Sie zeigen die Nähe zum französischen Impressionismus und der
Pleinair-Malerei. Und in den teils ungewöhnlichen Perspektiven, wenn etwa
Molly Cramer von einem tiefen Punkt aus die Dünen hochblickt und Ungeduld
in jedem Pinselstrich vibriert, kündigt sich auch eine nervöse, expressive
Energie an.
In ebendiesen Räumen, in denen jetzt die Camaro Stiftung den Verein der
Berliner Künstlerinnen zu Gast hat, unterhielt dieser in seinen besten
Jahren eine Mal- und Zeichenschule (1893–1911). Das Haus im Hinterhof der
Potsdamer Straße 98A hatte der 1867 gegründete Verein schon Anfang der
1890er Jahre erbauen lassen, um dort Frauen, die noch bis 1919 nicht an
Kunstakademien zugelassen waren, im Zeichnen und Malen zu unterrichten. In
zwei Etagen lehrte das „Victoria-Lyceum für die akademische Weiterbildung
der Frau“, aus dessen Umfeld viele der Kunstfreundinnen kamen, die den VdBK
durch Kunstkäufe und Aufträge unterstützen. Sechs Ateliersäle, je 90
Quadratmeter groß, 5,5 Meter hoch, hatte dieser in den oberen Etagen für
den Unterricht zur Verfügung. Und die Direktorin wohnte dort.
Die große Nachfrage an einem guten Unterricht für Frauen belegen einige
Zahlen: Zur Eröffnung der Schule gab es 400 Anmeldungen, die Lehrenden
waren teils aus der Novembergruppe und der Secession als progressive
Künstler bekannt. Als der Verein 1911 ein größeres Haus suchte und am
Schöneberger Ufer fand, waren unter seinen 290 Schülerinnen 49 angehende
Zeichenlehrerinnen.
Heute erstaunt vor allem, dass es dem Verein in kurzer Zeit gelungen war,
sich wirtschaftlich so gut aufzustellen. Hier setzte sich ein gut
etabliertes Bürgertum für die Förderung der Künstlerinnen ein, Werner von
Siemens gehörte dazu. Auch Kaiser Wilhelm kaufte Bilder dort. Dass auch das
repräsentative Porträt, die Salonkultur und die Historienmalerei von
einigen Gründungsmitgliedern gepflegt wurden, hat sicher die Anerkennung
erleichtert.
Zudem mag die politische Unterstützung des VdBK auch dazu gedient haben,
die Forderung der Zulassung zur Akademie aufzuschieben. Mit
Jahresausstellungen, aus denen verkauft wurde, und mit Kostümbällen, zu
denen nur Frauen kommen durften, machte der Verein einen Teil seiner
Einnahmen. Im großen Rechercheband „Profession ohne Tradition“, der zum
125. Jubiläum des Vereins erschienen ist, sah man Frauen als einen „Bund
Spargel“ kostümiert oder als Personal des Struwwelpeters.

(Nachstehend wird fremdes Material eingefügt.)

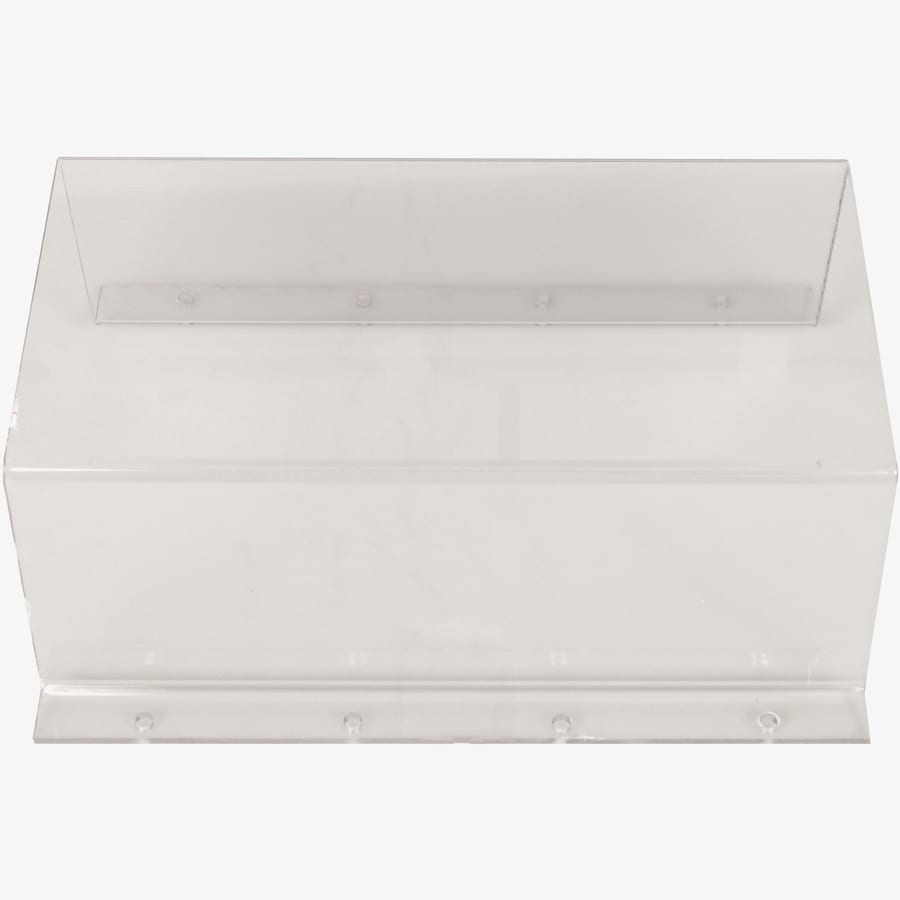 Clear Polycarbonate Equipment Guards American Time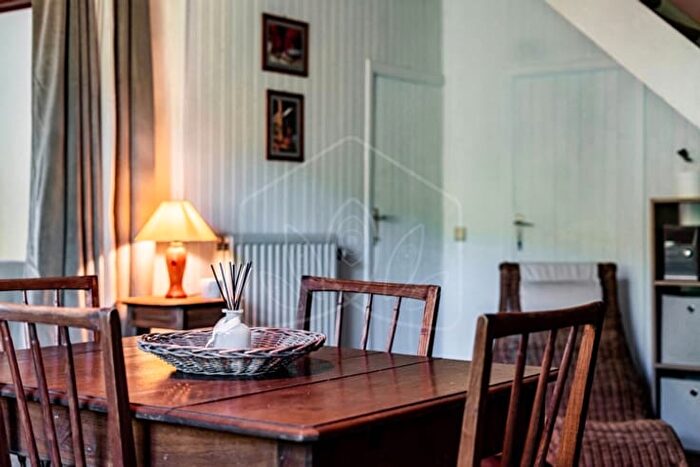 15-kamerhuis te koop in Namur Malonne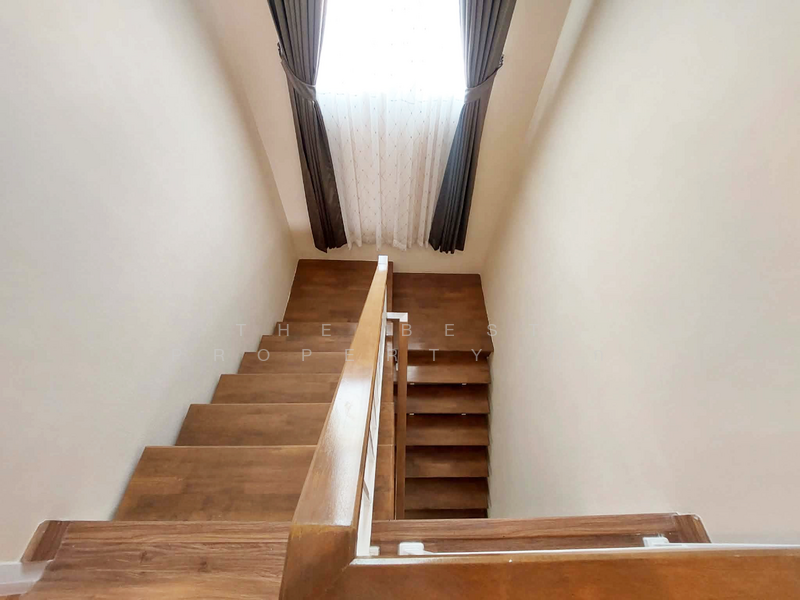 ลลิลทาวน์ ไลโอ ชัยพฤกษ์-ไทรน้อย, Nonthaburi, Bang Bua Thong, Bang Bua Thong, Nonthaburi, 4 Bedrooms, 100 sqm, Single Detached House For Sale, by The Best Property กุ๊ก, 500165431 - DDproperty.com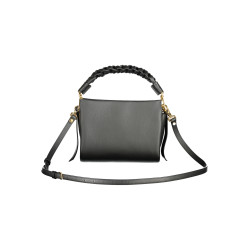 COCCINELLE WOMEN&39S BAG BLACK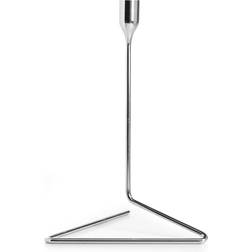 Born in Sweden Puzzle Ljusstake 26cm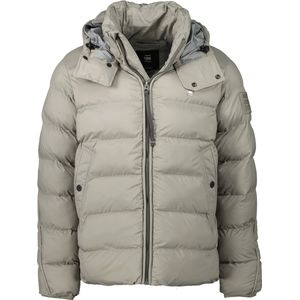 G-star - Whistler - Gewatteerd Jack - Met Capuchon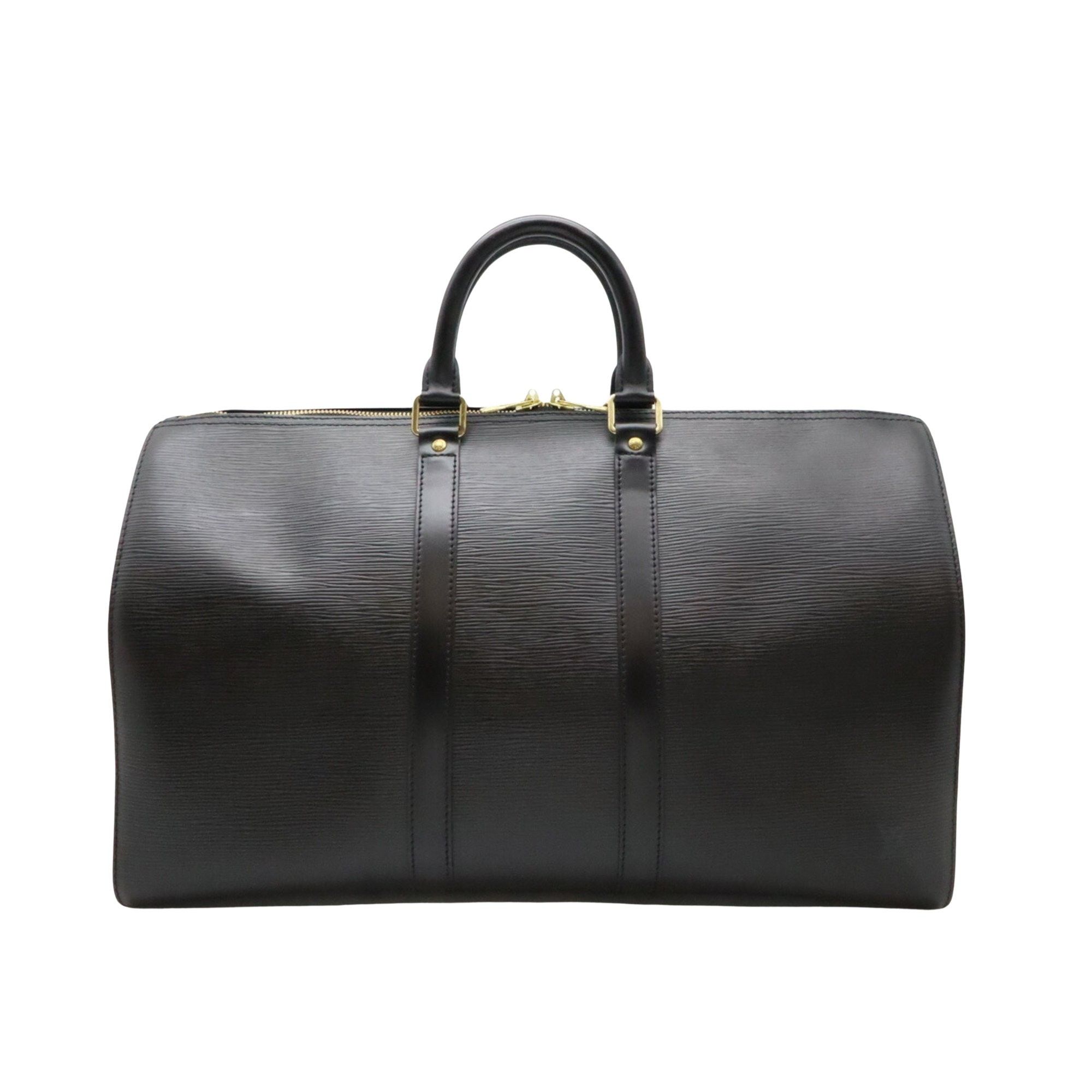 Louis Vuitton Louis Vuitton Keepall 45 travel Size ONE SIZE - 1 Thumbnail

Zu den bekannten Künstlerinnen des Vereins, die im Rückblick meist zuerst
genannt werden, gehören Käthe Kollwitz und Paula Modersohn-Becker. Für
Paula Modersohn-Becker, die als Malerin das Empfinden des Körpers visuell
so stark zum Sprechen bringen konnte, war der Unterricht im Aktzeichnen
enorm wichtig. Ausgestellt ist die Studie eines Aktmodells (von 1897/98),
ein Porträt eigentlich, das mit Schulter, Nacken und dem leicht gewendeten
Hinterkopf sehr viel erzählt über Nacktheit und Posieren, Entspannung und
Zu-sich-Finden. Es geht um Anatomie und genaues Sehen und zugleich um die
Überwindung dieser Übung, die Rekonstruktion von etwas von zugleich großer
Intimität und Sachlichkeit.
Eine Schülerin und spätere Freundin von Käthe Kollwitz war Sella Hasse,
deren Linolschnitt-Serie „Rhythmus der Arbeit“ von der körperlichen
Schwerarbeit erzählt, mit großer Wucht und großem Schwung. In einer Vitrine
liegt der Nachruf, den sie auf Käthe Kollwitz schrieb, und weitere
Dokumente der Freundschaft. Dort kann man auch Biografien der
Kunstfreundinnen lesen, deren gesellschaftliche Netzwerke und Kaufkraft
wichtig für den Verein waren.
## Aufwendige Rekonstruktion der Geschichte
Das setzt punktuelle Lichter auf eine Geschichte, deren Rekonstruktion vor
mehr als 25 Jahren begann. Angestoßen hatte die Arbeit Caroline Müller,
Galeristin und Vorstandsvorsitzende von 1990 bis 2010. Damals recherchierte
die Kunsthistorikerin Carola Muysers zusammen mit anderen erstmals
systematisch die Vereinsgeschichte, unterstützt von der Kultursenatorin
Anke Martini, in Vorbereitung einer großen Ausstellung in der Berlinischen
Galerie. Carola Muysers ist auch jetzt wieder Kuratorin, zusammen mit
Birgit Möckel. Der Rückblick endet 1945, in der Anpassung an die
nationalsozialistische Kulturpolitik verlor der Verein an Bedeutung. 2017
werden drei Ausstellungen folgen, die Künstlerinnen aus der Gegenwart des
VdBK vorstellen.
Zunächst aber kann man noch viel Vergessenes entdecken. Wie zum Beispiel
die Tuschzeichnungen von Clara Siewert, darunter die Blätter „Modegöttin“
und „Flucht“ von 1910. Die Figuren vergehen in einem Wirbel von Strichen,
Kratzern, Punkten, Flecken, ein mystisch flackerndes Dunkel entsteht aus
dünnen Linien.
Zwei kleine Skulpturen in der Ausstellung, von Sophie Wolff, sind
tatsächlich erst vor Kurzem aufgetaucht, entdeckt im Privatbesitz in
Kolberg, in einer Kommode im Keller. Der Finder nahm Kontakt zu Carola
Muysers auf, weil er hoffte, von ihr mehr über die Künstlerin zu erfahren.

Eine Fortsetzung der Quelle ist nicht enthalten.